Das Objekt, mit dem die Quantenphysiker um Aspelmeyer nun gearbeitet haben, ist immerhin 50 Mikrometer - ein zwanzigstel Millimeter - breit und knapp ein sechstel Millimeter lang. Die Breite entspricht in etwa dem Durchmesser eines menschlichen Haars, das Objekt war somit mit freiem Auge sichtbar.
Mechanisch schwingende Brücke
Bei dem Objekt handelt es sich um eine Art Brücke, die mechanisch schwingen kann. Mit Hilfe derartiger mechanischer Oszillatoren kann versucht werden, die Übertragbarkeit der quantenphysikalischen Gesetze auf die "große Welt" zu überprüfen.

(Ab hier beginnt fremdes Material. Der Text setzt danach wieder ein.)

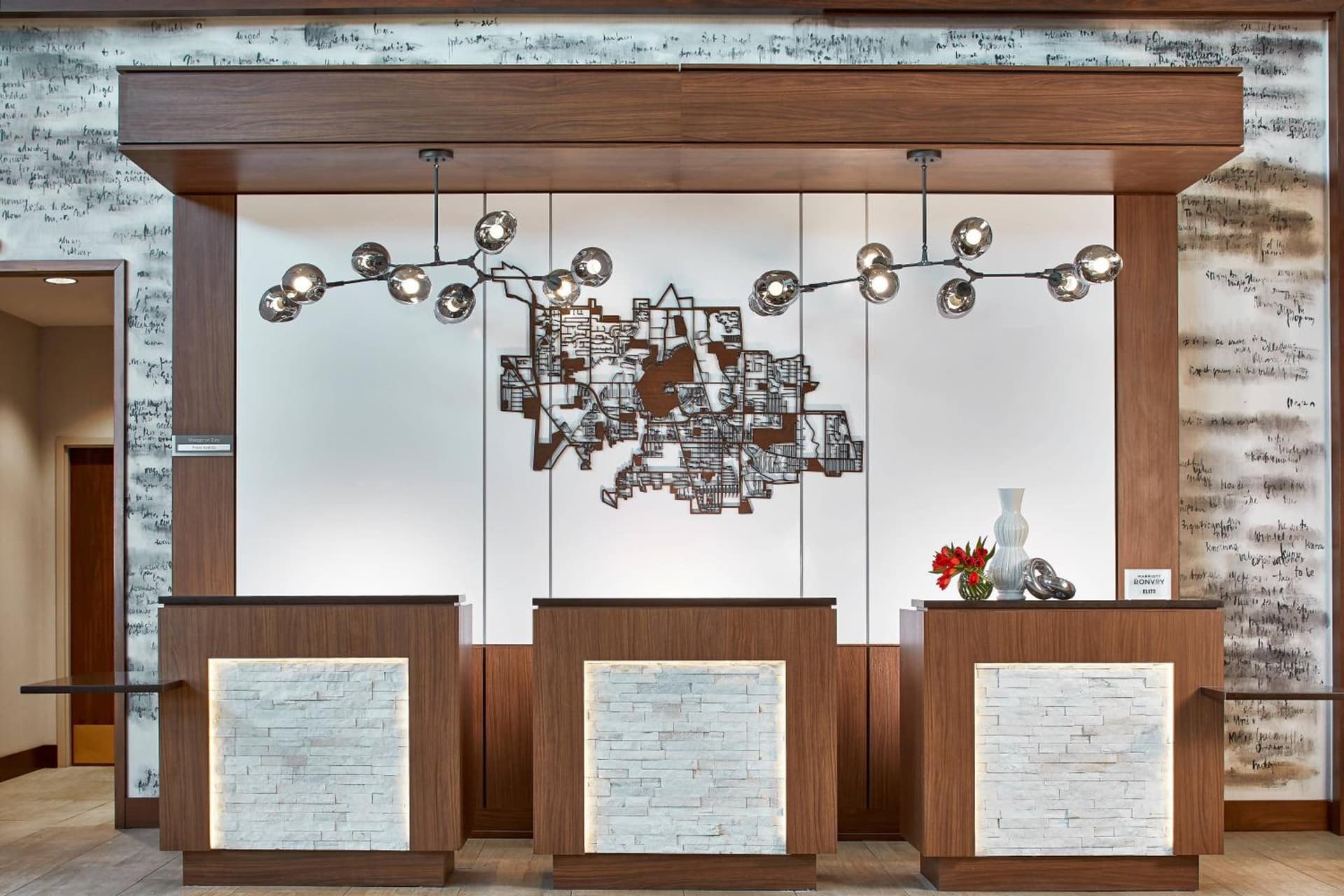 Renaissance Chicago Glenview Suites Hotel property views in Glenview, IL — gallery photo 3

Das funktioniert allerdings nur, wenn zwei Bedingungen erfüllt sind: Erstens muss der mechanische Bauteil bis nahe an den absoluten Temperaturnullpunkt (Minus 273,15 Grad) gekühlt werden. Zweitens muss die Kraft zwischen dem mechanischem Oszillator und einem Elektron, Atom oder Photon stark genug sein, um dem natürlichen Zerfall der Quanteneigenschaften, der sogenannten Dekohärenz, entgegenzuwirken.

Während ersteres noch der Erfüllung harrt, ist zweiteres den österreichischen Forschern nun gelungen. Sie stellten eine für die Quanteneffekte wichtige "starke Kopplung" zwischen dem mechanischen Oszillator und Lichtteilchen her.
Photonen versetzen sie in Schwingung
Was haben die Forscher nun konkret gemacht? Auf die winzige Brücke montierten sie einen ebensolchen Spiegel, der Photonen reflektiert. Ein zweiter, oberhalb der Brücke montierter Spiegel verstärkt den Fluss der Lichtteilchen, die eine Kraft auf die Brücke ausüben.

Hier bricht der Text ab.